New Hamburg, Ontario Canada

Discover New Hamburg, Ontario: A Blend of History and Modernity

New Hamburg, Ontario, is a charming community nestled in the township of Wilmot, Canada. With a population of approximately 11,953 (as per 2011 stats), it lies in the far western part of the Regional Municipality of Waterloo, near the regional border with Perth County. Adjacent to the community of Baden, New Hamburg is conveniently located near the cities of Kitchener, Waterloo, and Stratford.

The Nith River meanders through the town, flowing through the downtown core, which is home to a 50-foot waterwheel built in 1990. The community is served by the weekly newspapers, the Wilmot-Tavistock Gazette and the New Hamburg Independent.

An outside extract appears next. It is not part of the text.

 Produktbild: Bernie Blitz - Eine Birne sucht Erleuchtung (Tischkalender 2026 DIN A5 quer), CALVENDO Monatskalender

The downtown area has been designated a Heritage Conservation District, preserving its historical charm.

The History of New Hamburg, Ontario

Located on the Nith River, just over 20 kilometres (12 mi) from Berlin (now Kitchener), New Hamburg was established in an area with rich soil. The settlement was laid out in 1832 and was primarily settled by Germans, including Mennonites and others, direct from Germany. A historical plaque honours Josiah Cushman, an Amish Mennonite from Germany, who is likely to have been the first settler, arriving in the early 1830s.

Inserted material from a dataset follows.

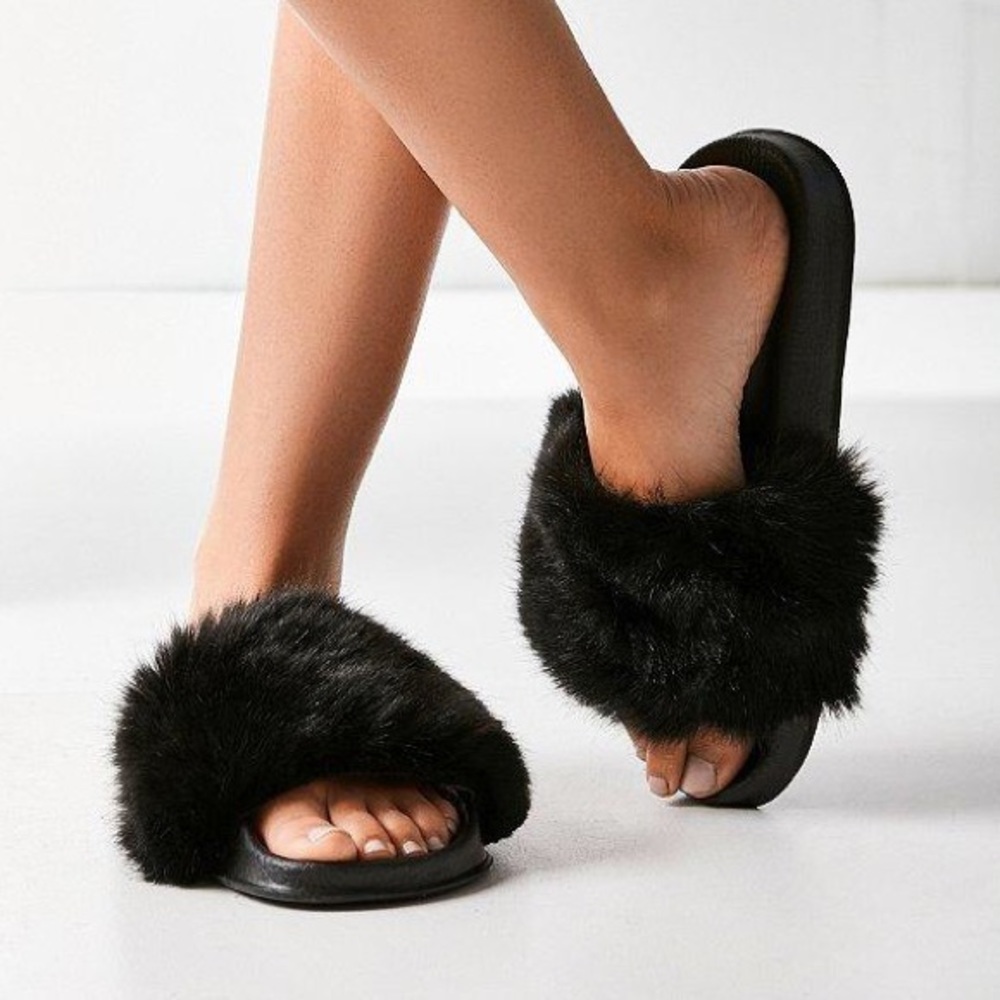 **SOLD** Faux Fur Slides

The community was initially named Cassel, then Hamburgh, and by 1840, it was renamed New Hamburg. William Scott, also known as Lord Campfield in Scotland, arrived in 1838 and made significant contributions to the community. He renamed Smith's Creek the Nith River, built a new dam, and constructed a new lumber sawmill. Scott's career included work as a Justice of the Peace, Community School Commissioner, New Hamburg's first Postmaster, Wilmot Town Councillor, Reeve, and the Lt. Colonel of the 5th Battalion of the Waterloo Infantry.

The New Hamburg post office was established by William Scott in 1851. At that time, the population was 500, and there was a pottery, a carriage works, and a foundry. The arrival of the Grand Trunk Railway in 1856 helped the village establish milling and farm machinery manufacturing. By 1858, the population had doubled, and the settlement included many mills and factories, several general stores, and eight taverns. New Hamburg was incorporated as a Village in 1857, and it became a town in 1966.

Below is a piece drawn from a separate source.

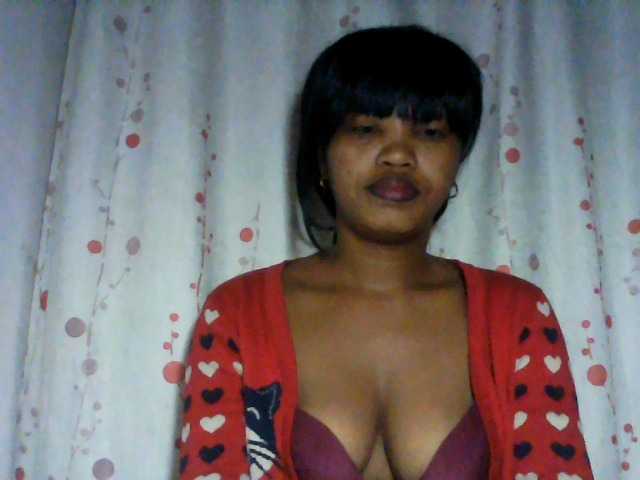 kylie11 live cam on UnifiedCams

Notable Landmarks in New Hamburg, Ontario

New Hamburg hosts the largest Mopar Festival in Canada, which takes place in July or August. The town is also home to the largest working wooden waterwheel in North America, a testament to its rich history and industrial heritage.

Notable Businesses in New Hamburg, Ontario

New Hamburg is home to several notable businesses. Argo, a company that manufactures Argos, is based in New Hamburg. Maple Leaf Foods operates a hatchery in the town. "Is This Chair Taken," a small business on Peel Street, and "Rudy Held," a performance shop, are also part of the vibrant local business scene.